## WHAT IS REQUIRED
Each record below should be output verbatim, without pictures.

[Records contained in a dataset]
§ §
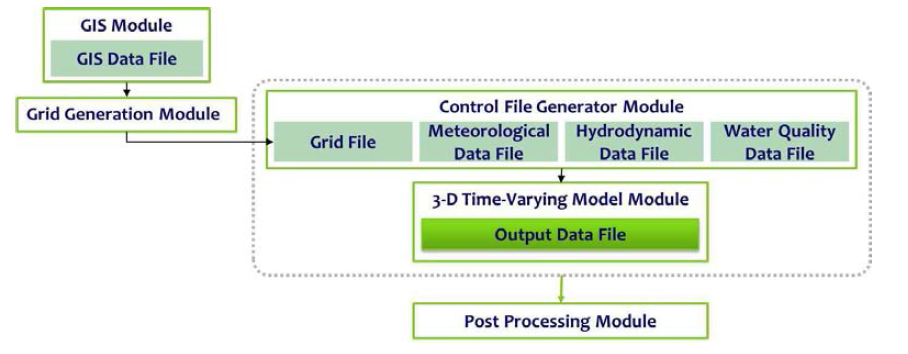 Flow chart GEMSS system.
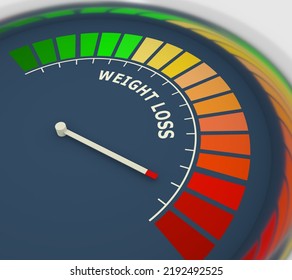 Abstract Meter With Scale Reading High Risk Level Of Weight Loss. 3D Render. 3D Illustration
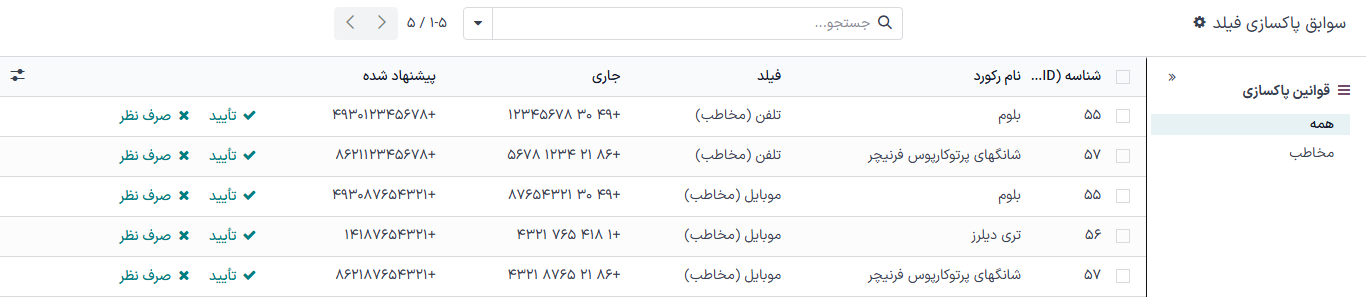 داشبورد رکوردهای پاکسازی فیلد در برنامه پاکسازی داده.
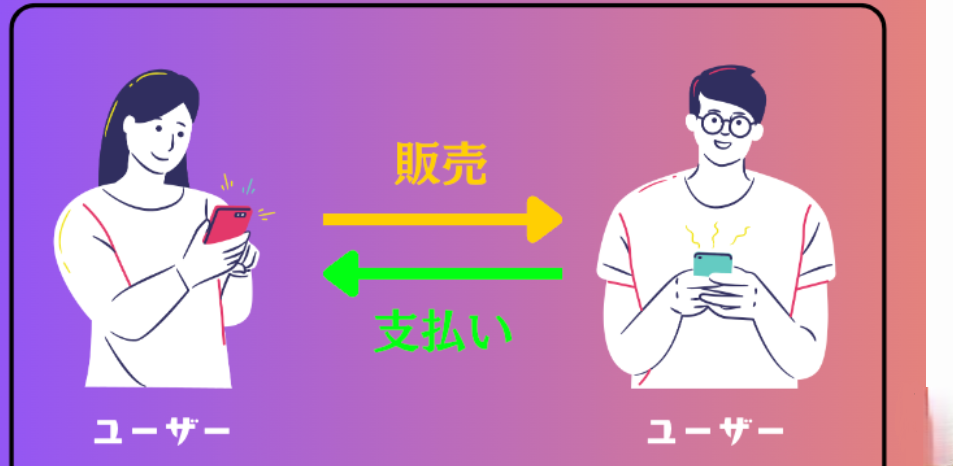 Image A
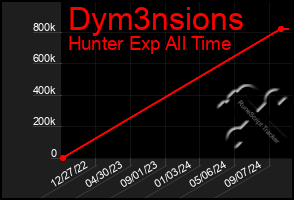 Total Graph of Dym3nsions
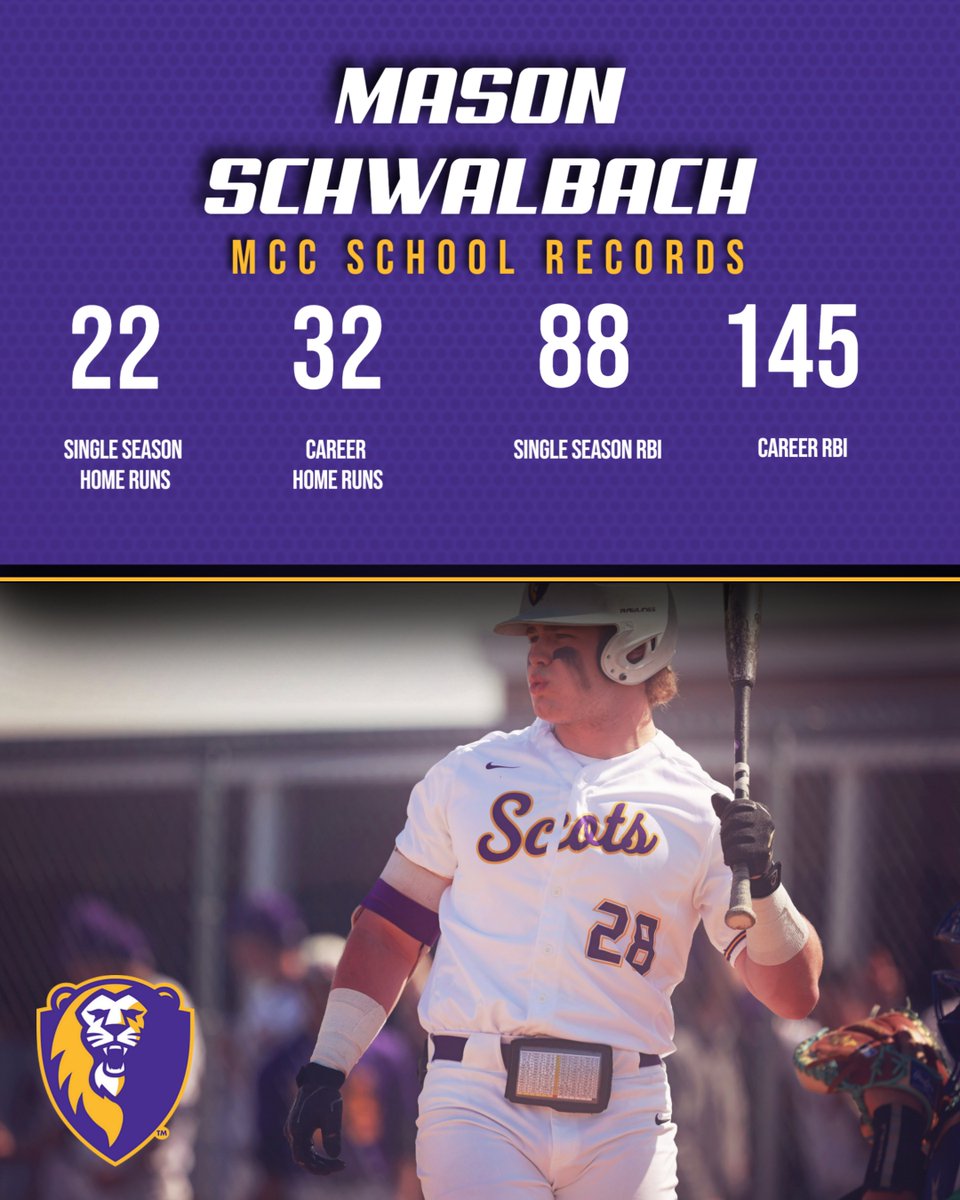 It was a record setting season and career for Mason Schwalbach setting new program records in 4 main offensive categories....@_TheJBB @PBR_JUCO @NWHPreps @MCCScots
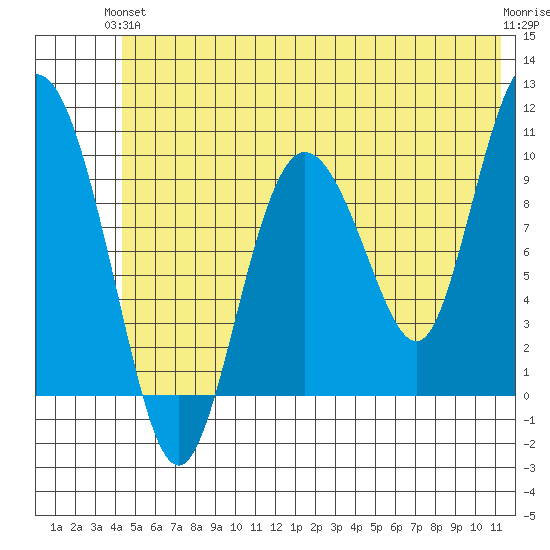 Gibbon Anchorage tide chart for Monday, June 13, 2022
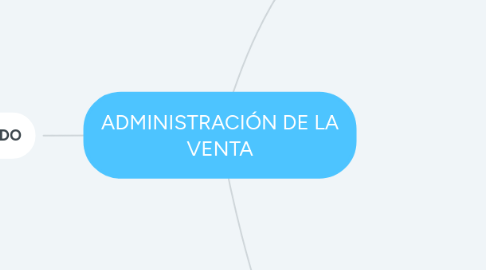 Mind Map: ADMINISTRACIÓN DE LA VENTA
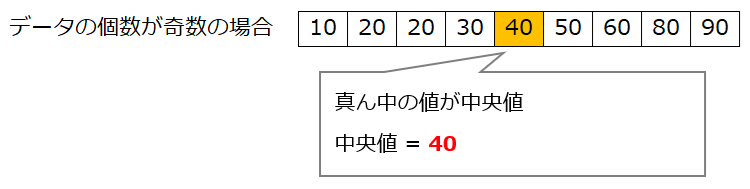 中央値 奇数の例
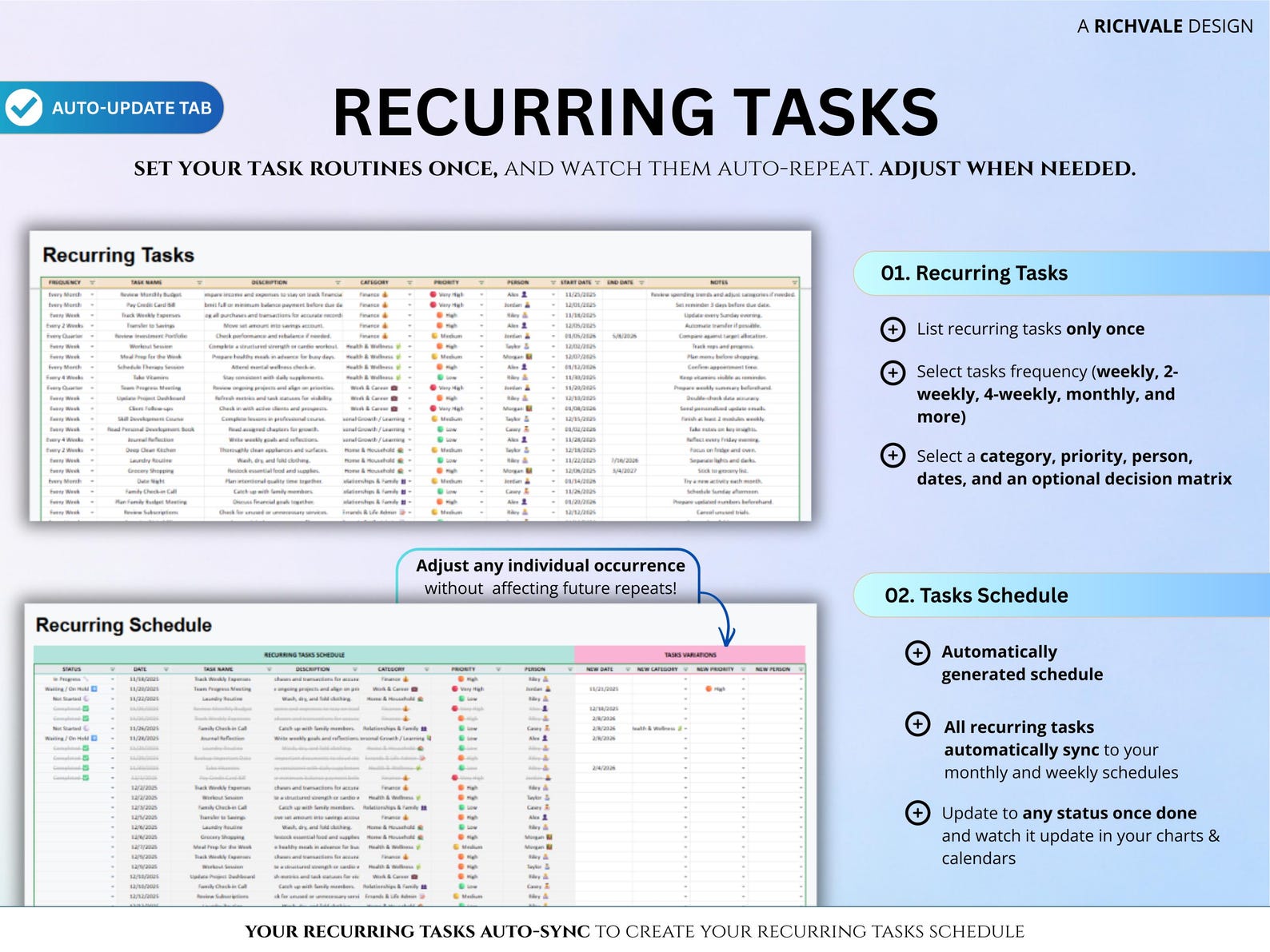 Task Tracker Spreadsheet ADHD Productivity to Do List Template ...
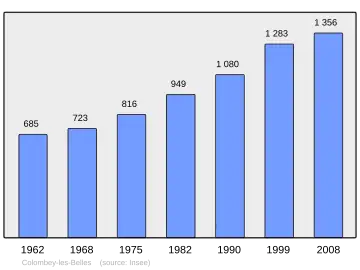 Grafiek inwonertal gemeente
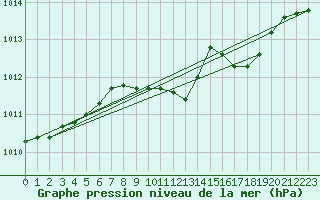 Courbe de la pression atmosphrique pour Nottingham Weather Centre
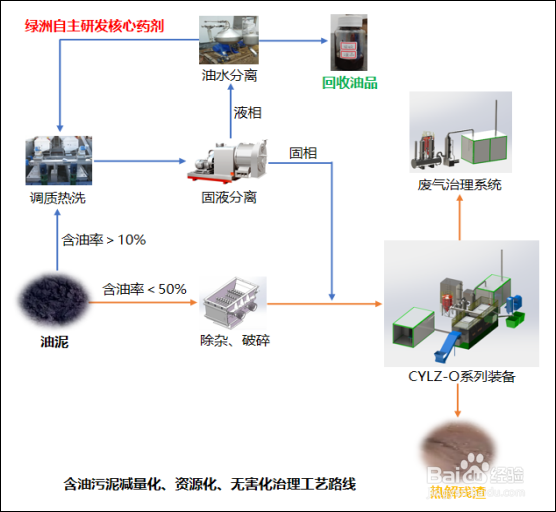 纯电装备处置油泥行业引领者—绿洲环境油泥微波热解析一体化装备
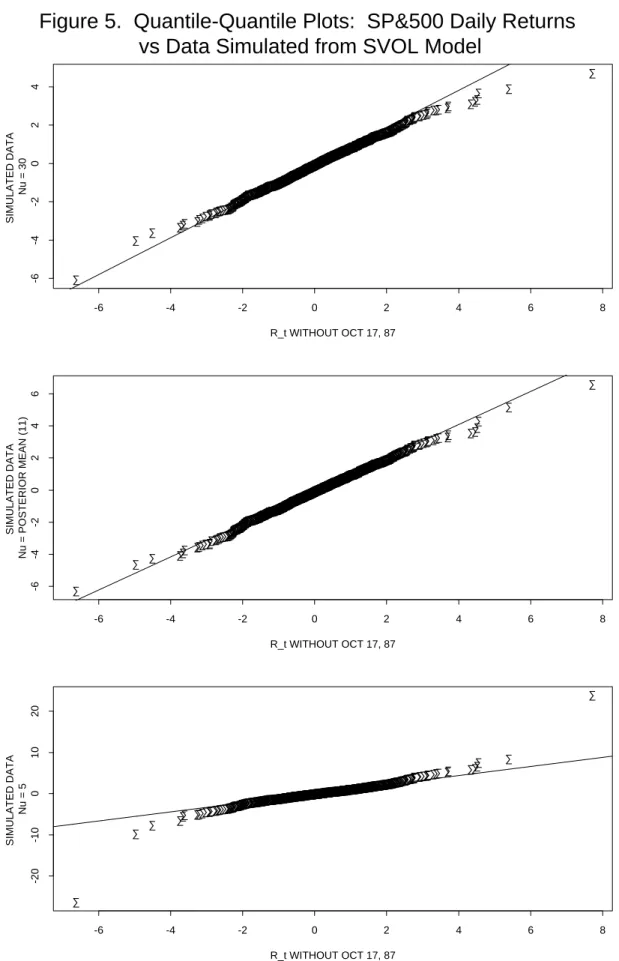 Figure 5.  Quantile-Quantile Plots:  SP&amp;500 Daily Returns  vs Data Simulated from SVOL Model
§ §
## SOLVED EXERCISE
 Flow chart GEMSS system.
 Abstract Meter With Scale Reading High Risk Level Of Weight Loss. 3D Render. 3D Illustration
 داشبورد رکوردهای پاکسازی فیلد در برنامه پاکسازی داده.
 Image A
 Total Graph of Dym3nsions
 It was a record setting season and career for Mason Schwalbach setting new program records in 4 main offensive categories....@_TheJBB @PBR_JUCO @NWHPreps @MCCScots
 Gibbon Anchorage tide chart for Monday, June 13, 2022
 Mind Map: ADMINISTRACIÓN DE LA VENTA
 中央値 奇数の例
 Task Tracker Spreadsheet ADHD Productivity to Do List Template ...
 Grafiek inwonertal gemeente
 Courbe de la pression atmosphrique pour Nottingham Weather Centre
 纯电装备处置油泥行业引领者—绿洲环境油泥微波热解析一体化装备
 Figure 5.  Quantile-Quantile Plots:  SP&amp;500 Daily Returns  vs Data Simulated from SVOL Model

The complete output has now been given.